Main | May 2006 »

April 24, 2006

Data updated through 4/24/2006

That's right! New data is here.

Watch those prices go up! 

April 16, 2006

Data Updated through April 16, 2006

The new data for this past week has been processed.

April 15, 2006

Zip Code, City & Layout

The zip code field is now user entered and will move the map to that area.

The city drop down will also move the map centered on the city. I still need to add this to the county field.

The main page has a much better layout. (I’m still on the search for a nice looking template to make it look better.) And I finally figured out some div layout issues I was struggling with.

I’ve been looking for a decent date picker to replace the drop downs for date. But I haven’t found anything yet. That's the next thing to change once I find one.

April 10, 2006

Updated Data through 4/9/2006

Data is updated through April 9th, 2006. The next available data will be this next Sunday, April 23, 2006.

April 09, 2006

New Features, Upgrade Google Maps to v2, Data 99% Processed

Today Late last night I finished the first pass of all the data. The data gets ‘released’ each Sunday, so there will be more data today.

Per d$’s request there’s a new feature. When you put your mouse over the address, it’ll change the color to green if it’s in the viewable map, or red if it’s not.

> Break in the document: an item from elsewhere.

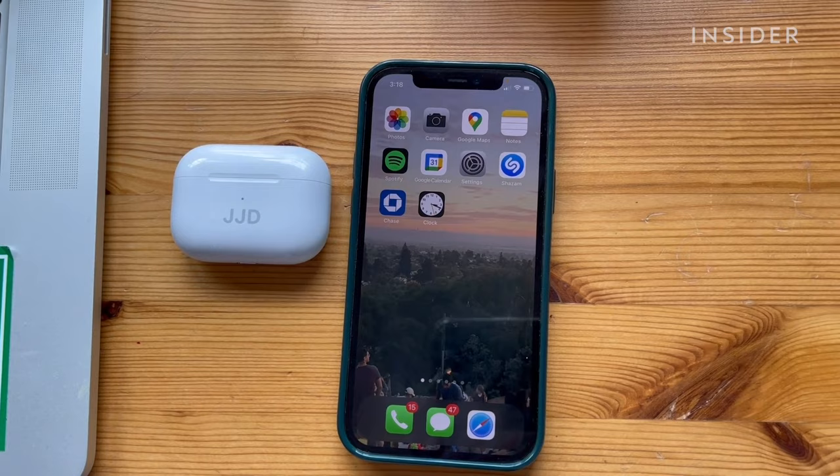To make a call, simply say, "Hey Siri," and then announce your call.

Now it’s possible to be more specific with the range of prices to search on. The price range has been broken out of one restricting drop down to two now. (Another d$ request.)

There’s also a new filter for free form text. You can search on any part of the address:

  • Street number, part of the street number
  • Street name, part of the street name

I upgraded the Google Maps API to version 2 today. I started having some random problems that weren’t that consistent and seemed to be memory related (lags and such). Most likely caused from all the testing so I decided it was time to use the new. They even mentioned memory leaks on their website.

There were about 20 XML files that were in my log as being in error. (Each XML file was one date and county on the old system, now it’s getting put in a mySQL db.) I went through those and got them set up to processed.

April 07, 2006

New Data: Now there's 145,057 home sales listed

I’m still working on populating the data. There are so many data points. The real estate market around here is pretty crazy.
The data that just went in is the first pass of the following dates:

04.27.03 - 05.30.04
04.03.05 - 11.16.05

Which means we’re missing 05.30.04 - 04.03.05 and 11.16.05 – now (04.07.06)
There’s about 16 months of data to go. It should be done by tomorrow after noon.

What does ‘first pass’ mean? Well, I first geocode the address with a CGI script that I built (instructions can be found on geocoder.us). If the address isn’t found there I try geocoding using Yahoo’s Geocoding Service. However, sometimes I go over the 5000 permitted per day and it’s no longer an option until the next day.
The next pass will be using Yahoo's geocoder on all the addresses that didn't resolve on mine, and then maybe taking a look at some of the data. There was one address that I noticed that said West San Jose as it's city. I don't think that exists. So I might have to work some of that out another way.

Project Overview

Well, I guess it’s time to tell a little about the project.

Basically it all started when we were in the process of buying a house and I was dismayed at the tools available to compare and ‘see’ the homes being sold, or those already being sold. I’m a data person and what was available just didn’t work for me.

I eventually ran across SFGates Homesales which lists homes sold data in a tidy, but pretty much useless, list format. I also had been playing with the Google Maps API a bit (mapping skate parks with pictures and directions).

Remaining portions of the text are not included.